======== Dataset excerpt ========

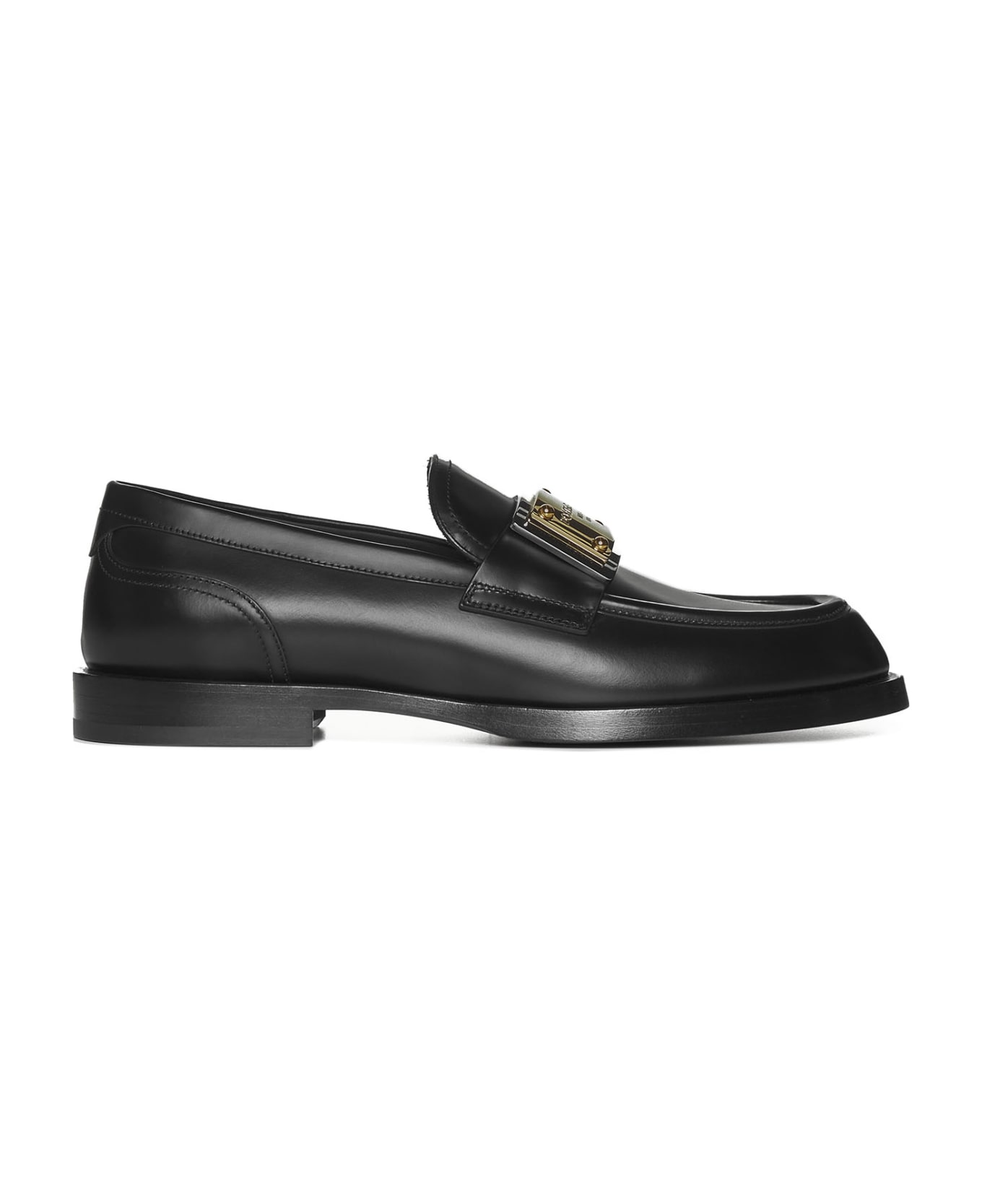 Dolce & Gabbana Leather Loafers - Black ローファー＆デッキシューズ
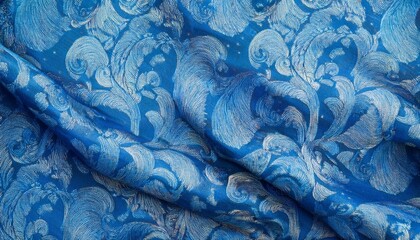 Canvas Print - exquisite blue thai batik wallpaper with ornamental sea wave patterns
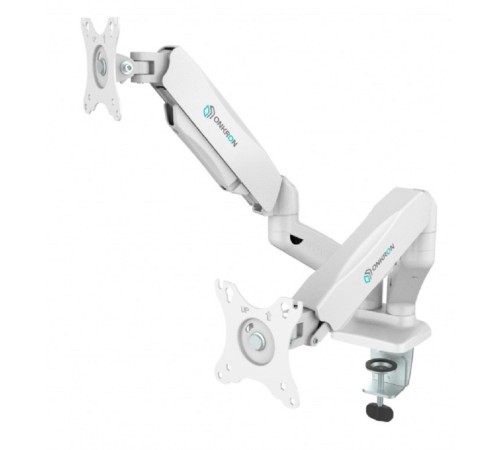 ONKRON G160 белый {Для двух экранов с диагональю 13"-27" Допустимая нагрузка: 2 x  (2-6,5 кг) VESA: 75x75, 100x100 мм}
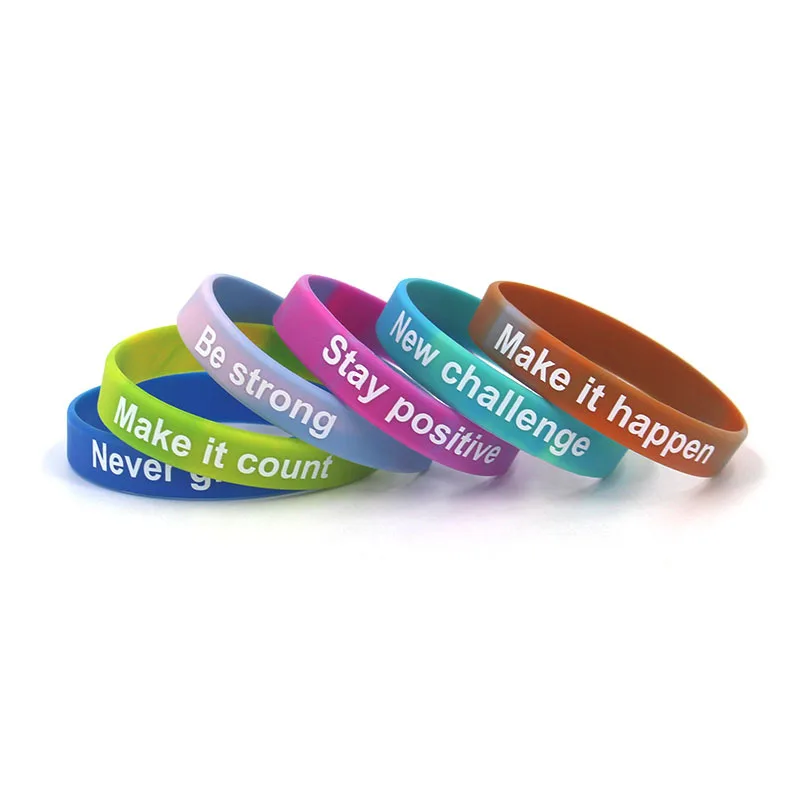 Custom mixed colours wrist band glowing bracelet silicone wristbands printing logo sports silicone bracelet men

========

- **Work to be completed**:
With the images excluded, reproduce the data above precisely as written.

- **Answer area**:
 Dolce & Gabbana Leather Loafers - Black ローファー＆デッキシューズ
 Canvas Print - exquisite blue thai batik wallpaper with ornamental sea wave patterns
 ONKRON G160 белый {Для двух экранов с диагональю 13"-27" Допустимая нагрузка: 2 x  (2-6,5 кг) VESA: 75x75, 100x100 мм}
 Custom mixed colours wrist band glowing bracelet silicone wristbands printing logo sports silicone bracelet men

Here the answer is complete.